**Problem:**
Once "Bucher Hydraulics QX31-032/33-016R08" turns up in a line below, reproduce that line and those after it exactly, stopping after the line with "BMW 3 F30/F31/F80"; leave pictures out.

**Records supplied:**

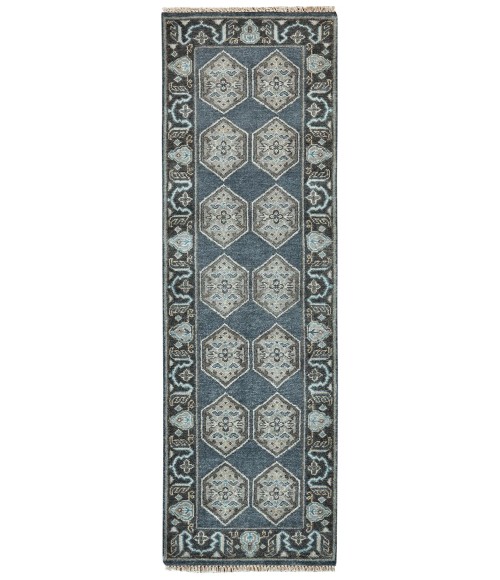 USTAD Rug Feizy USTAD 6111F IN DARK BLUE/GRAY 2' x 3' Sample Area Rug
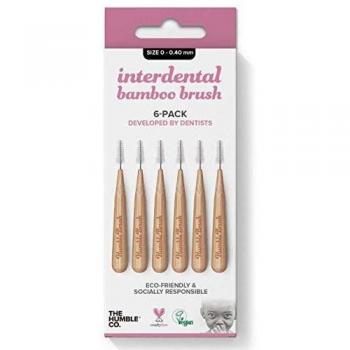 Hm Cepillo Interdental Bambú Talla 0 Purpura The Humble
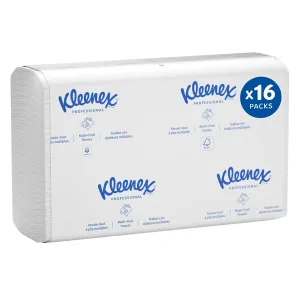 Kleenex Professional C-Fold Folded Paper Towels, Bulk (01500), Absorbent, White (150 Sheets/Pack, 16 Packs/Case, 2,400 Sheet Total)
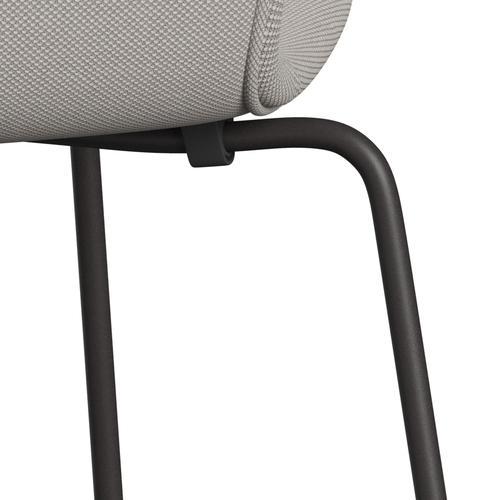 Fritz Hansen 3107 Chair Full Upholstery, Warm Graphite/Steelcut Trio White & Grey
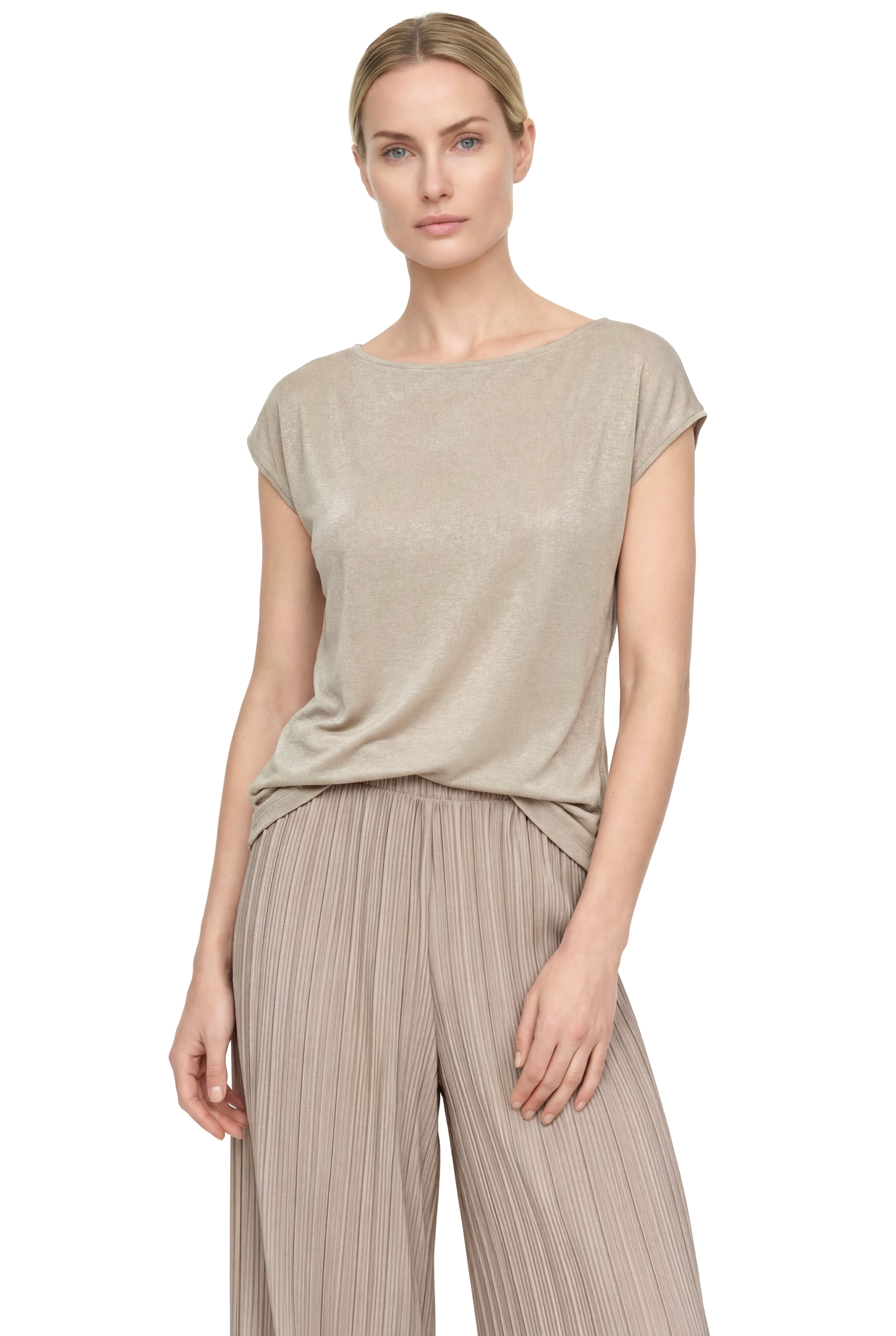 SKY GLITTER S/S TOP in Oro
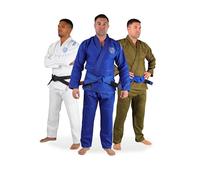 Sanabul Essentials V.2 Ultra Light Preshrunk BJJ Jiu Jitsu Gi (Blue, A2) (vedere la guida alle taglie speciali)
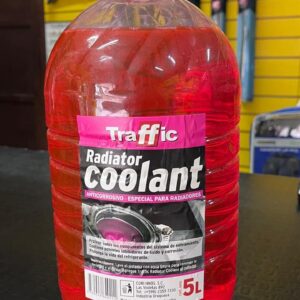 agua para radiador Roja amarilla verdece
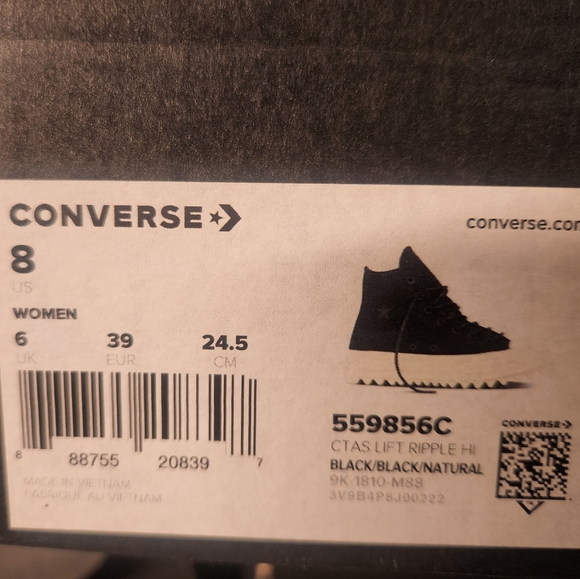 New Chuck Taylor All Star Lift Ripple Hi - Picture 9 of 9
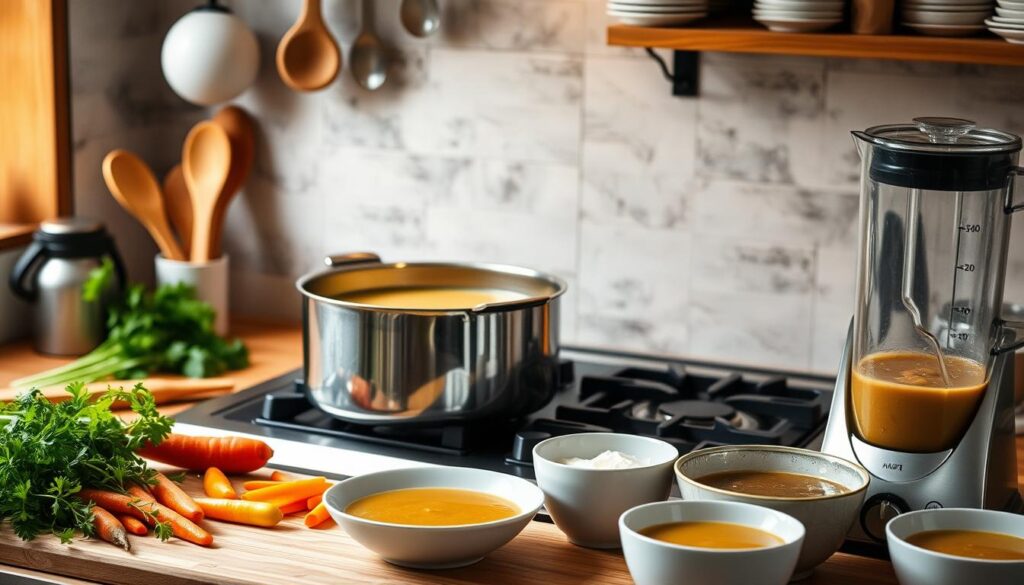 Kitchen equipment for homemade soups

--

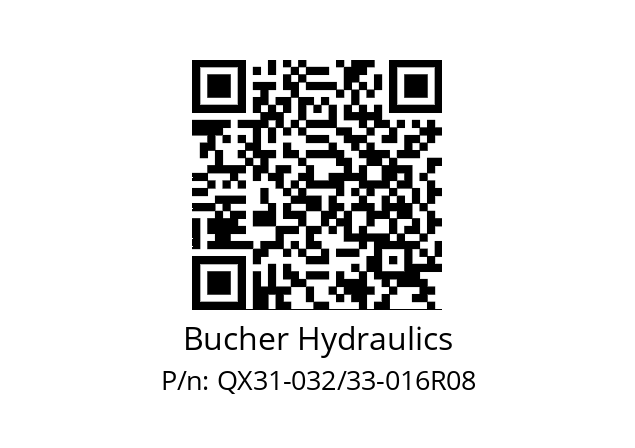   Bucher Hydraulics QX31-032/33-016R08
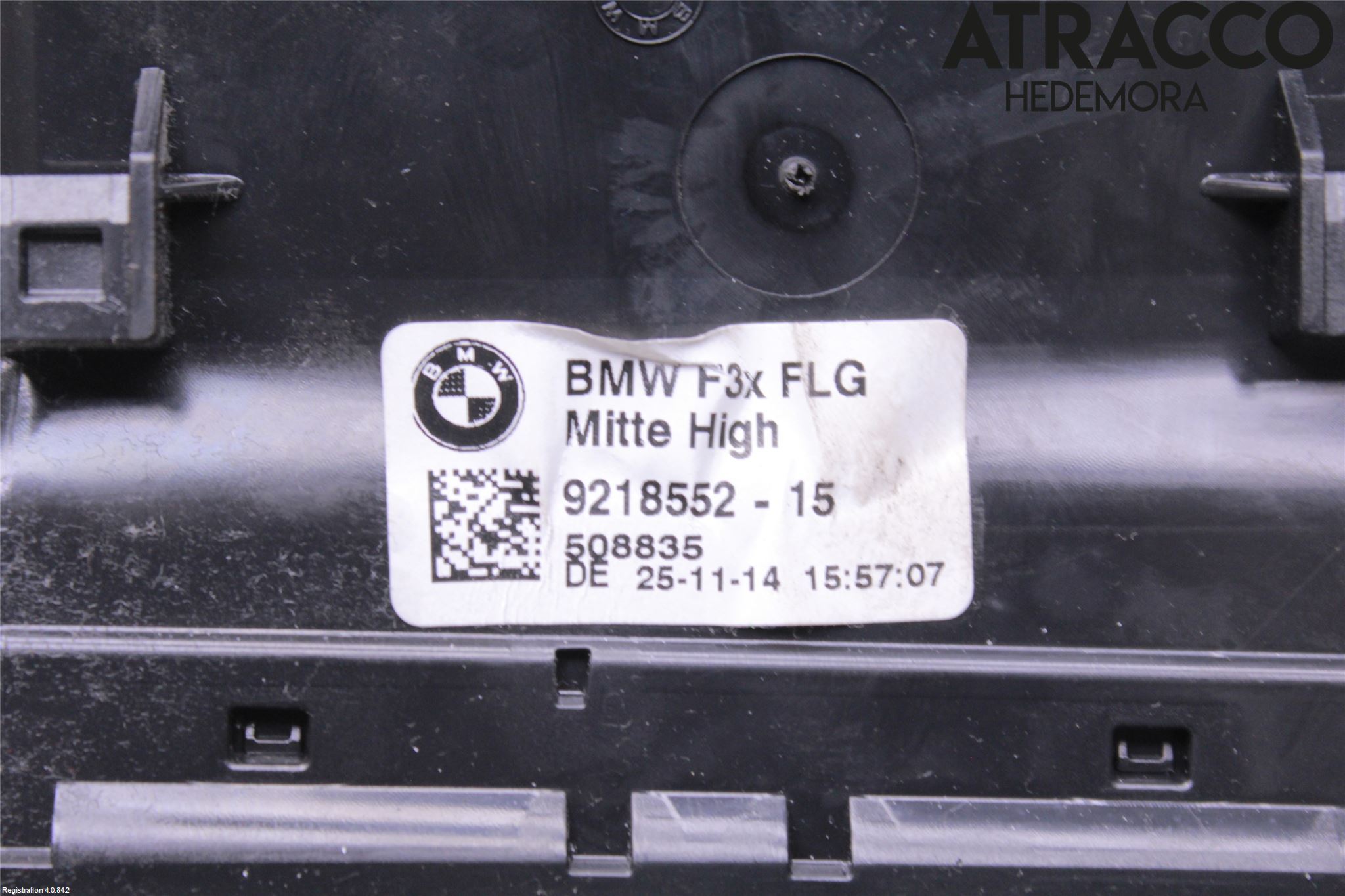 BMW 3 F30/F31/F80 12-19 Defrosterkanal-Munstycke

**Written response:**
   Bucher Hydraulics QX31-032/33-016R08
 BMW 3 F30/F31/F80 12-19 Defrosterkanal-Munstycke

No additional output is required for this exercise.